Profit Over Need: A System 'Bent Out of Shape'

Ofsted's annual report reveals a record high of 4,010 registered children's homes as of March this year, marking a significant 15% annual increase. However, the watchdog warns this growth is not driven by care requirements but by a pursuit of profit, with new homes overwhelmingly opening in regions where property is cheapest.

Sir Martyn Oliver, Ofsted's Chief Inspector, branded the situation an "ongoing national scandal." He stated, "The most vulnerable children in our society deserve loving and stable homes but the profit motive is increasingly dictating the location and ownership of children's homes. As a society, we are failing these children."

The data shows a stark geographical imbalance. The North West of England now hosts more than a quarter of all children's homes, yet is home to only 18% of the looked-after child population. Ofsted believes providers are attracted by lower housing costs, exacerbating pressure on local services in areas already struggling. Just 46% of local authorities in the North West were rated good or outstanding, compared to 88% in London.

The Spiralling Costs and Shadow Market

The financial burden on local authorities has skyrocketed. Spending on looked-after children has more than doubled from £3.9bn in 2015-16 to £8.1bn in 2023-24. The average annual cost for each child in care now stands at a staggering £97,200.

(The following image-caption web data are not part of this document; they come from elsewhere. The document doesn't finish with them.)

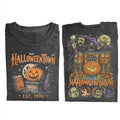 Vintage Halloween Spooky Season T-shirt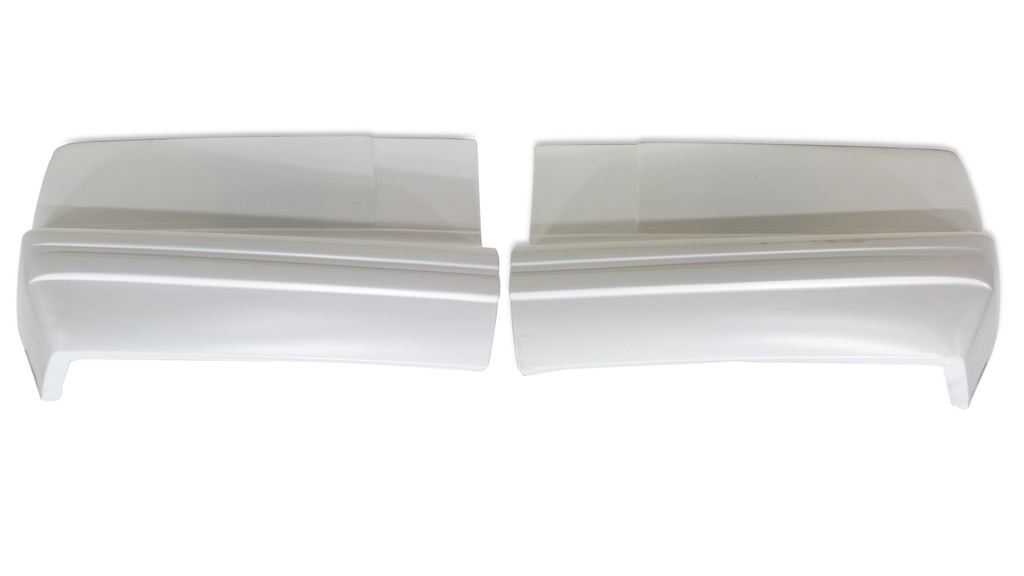 [FIV915-450W] Fivestar - Mustang Mini Stock Tail White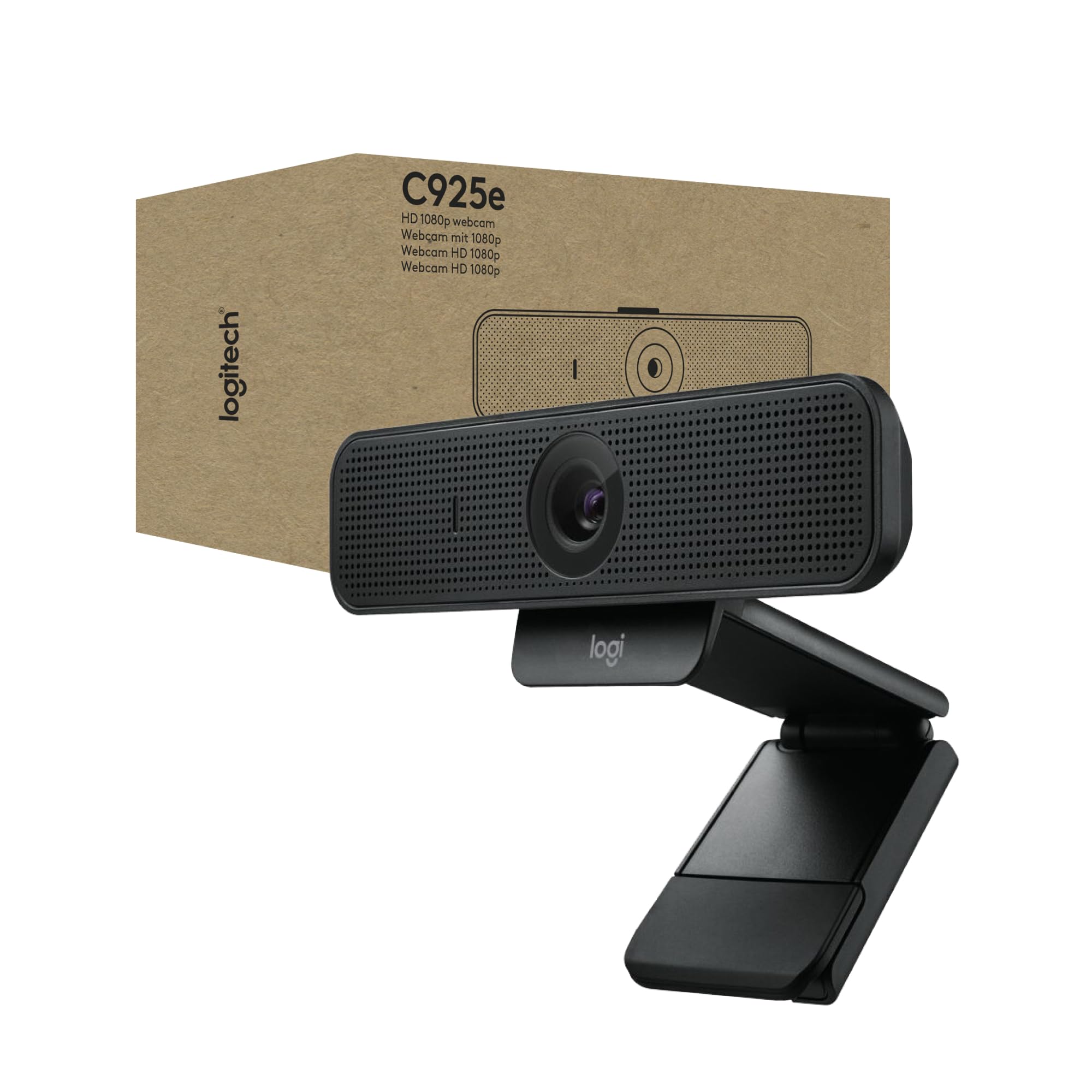 logitech-c925e-business-webcam-full-hd-1080p-mit-schutz image 1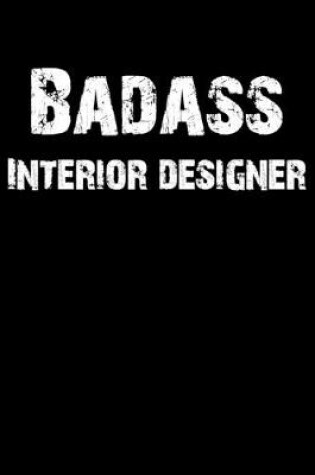 Cover of Badass Interior Designer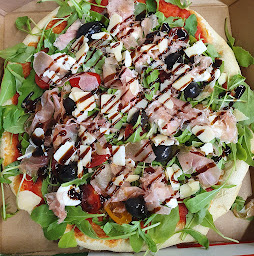 Photo n°2 de Divina Pizza à La Mure (Restaurant)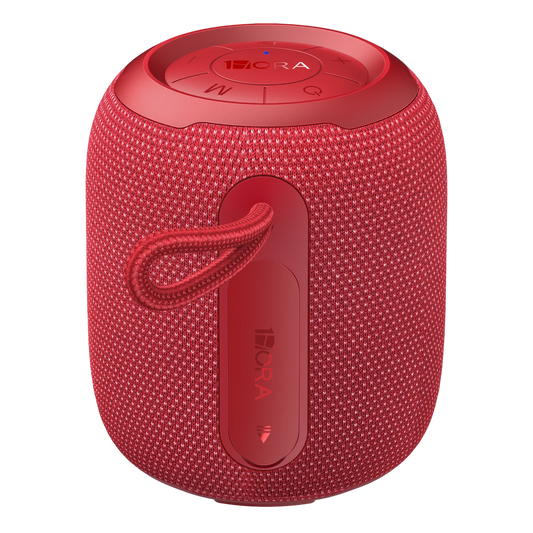 Bocina 1 Hora BOC243 Rojo/Negro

This crisis of affordability and placement scarcity has fuelled a dangerous 'shadow market' of unregistered providers. Ofsted reported launching nearly 900 investigations into potential illegal homes in the past year. These unregistered operations have been charging "exorbitant" fees, reaching as high as £30,000 per week in some cases.

"This shadow market only exists because there aren't enough of the right kinds of places in legitimate registered homes," the report concluded. Alarmingly, almost 90% of local authorities admitted to placing children in unregistered settings due to a lack of suitable registered alternatives.

Concentration of Ownership and Government Response

The report also highlighted concerns over market consolidation. A significant 84% of children's homes are privately operated, with the ten largest owners controlling nearly a fifth of the market. This concentration means the financial failure of a single large provider could have an "enormous impact" on national capacity.

In response to profiteering concerns, the government has previously proposed a crackdown, including a potential "backstop" law to cap profits if providers do not voluntarily curb excessive earnings. Ofsted has urged ministers to work with councils to completely eliminate the use of unregistered children's homes, describing the situation as a "crisis both for children and for local councils, whose budgets cannot hope to keep pace with the spiralling costs."

The inspectorate further noted a rise in child protection concerns within homes, which increased to 510 in the latest year from 364 previously—a rise attributed, in part, to the growing number of homes overall.